--- YOUR OBJECTIVE ---
The reply should contain all the data below, repeated exactly, and none of the images.

--- AVAILABLE DATA ---
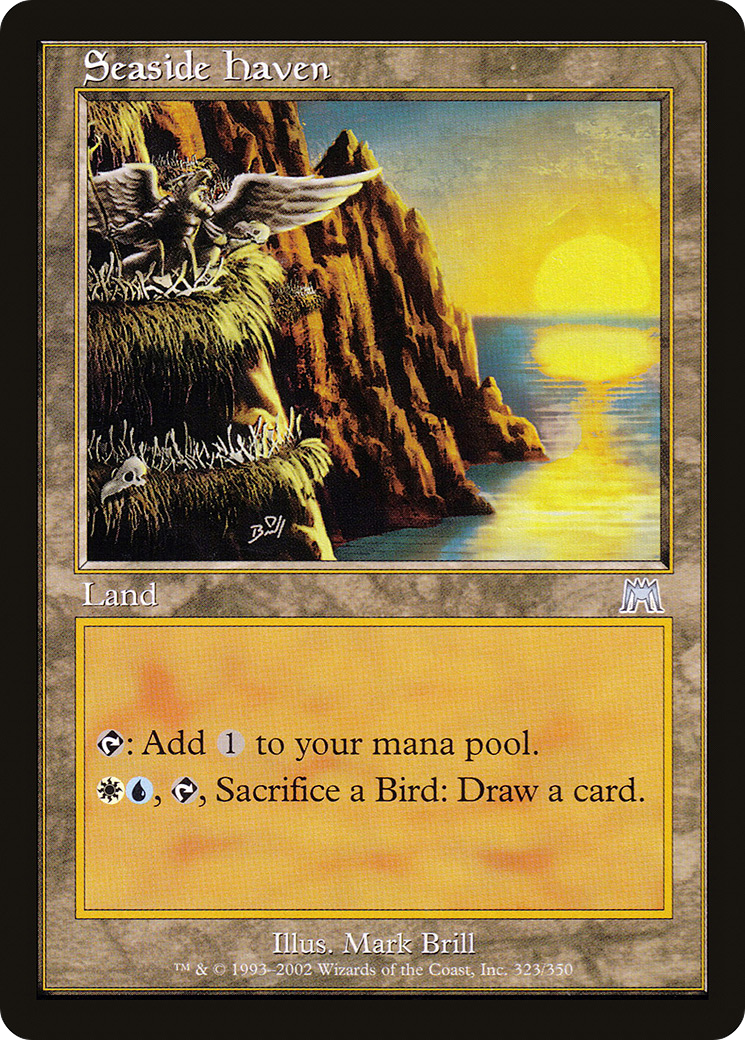 Seaside Haven [Onslaught]-1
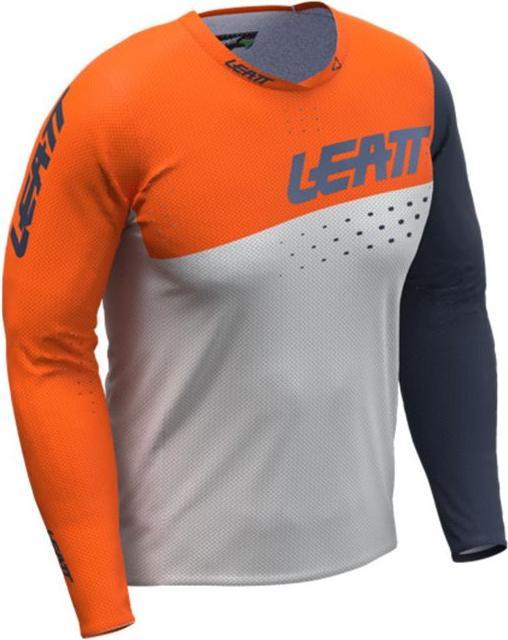 Image du produit Leatt Jersey MTB Gravity 4.0 Jr. (M)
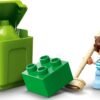 Lego Duplo 10945 - Autogunoiera si reciclare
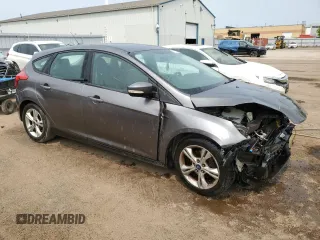 2014 Ford Focus SE z VIN 1FADP3K29EL187201, wystawiony jako Copart lot #59125805 z przebiegiem Nie podano mil oraz Szkoda całkowita • Salvage title. Historia ofert i sprzedaży dostępna na DreamBid. Obrazek 4.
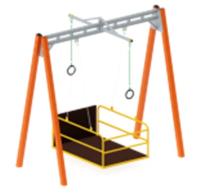 Качели ДОВ ИО 01-013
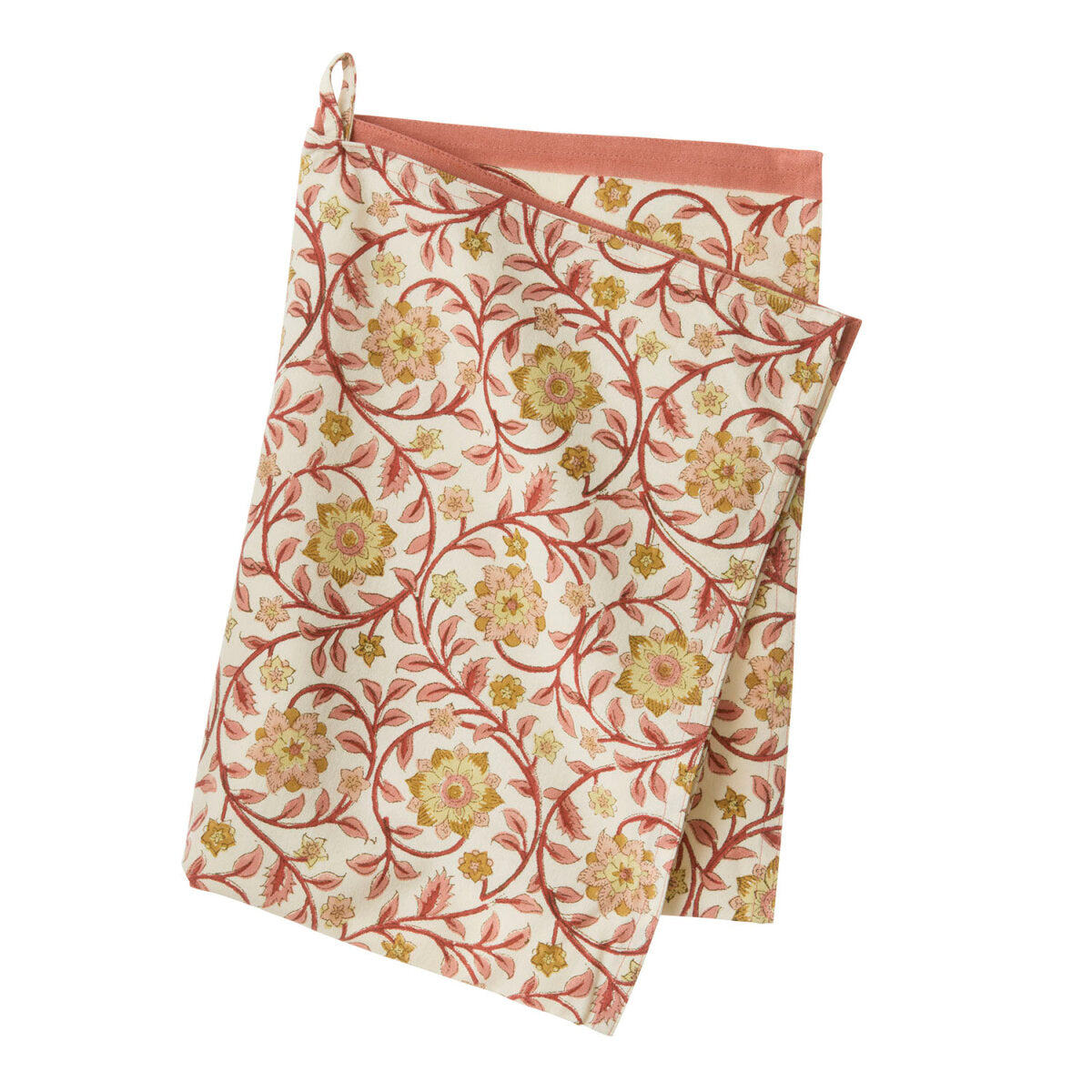 Bungalow Kitchen Towel - Roja Sorbet - Pure Cotton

--- YOUR SOLUTION ---
 Seaside Haven [Onslaught]-1
 Image du produit Leatt Jersey MTB Gravity 4.0 Jr. (M)
 Lego Duplo 10945 - Autogunoiera si reciclare
 2014 Ford Focus SE z VIN 1FADP3K29EL187201, wystawiony jako Copart lot #59125805 z przebiegiem Nie podano mil oraz Szkoda całkowita • Salvage title. Historia ofert i sprzedaży dostępna na DreamBid. Obrazek 4.
 Качели ДОВ ИО 01-013
 Bungalow Kitchen Towel - Roja Sorbet - Pure Cotton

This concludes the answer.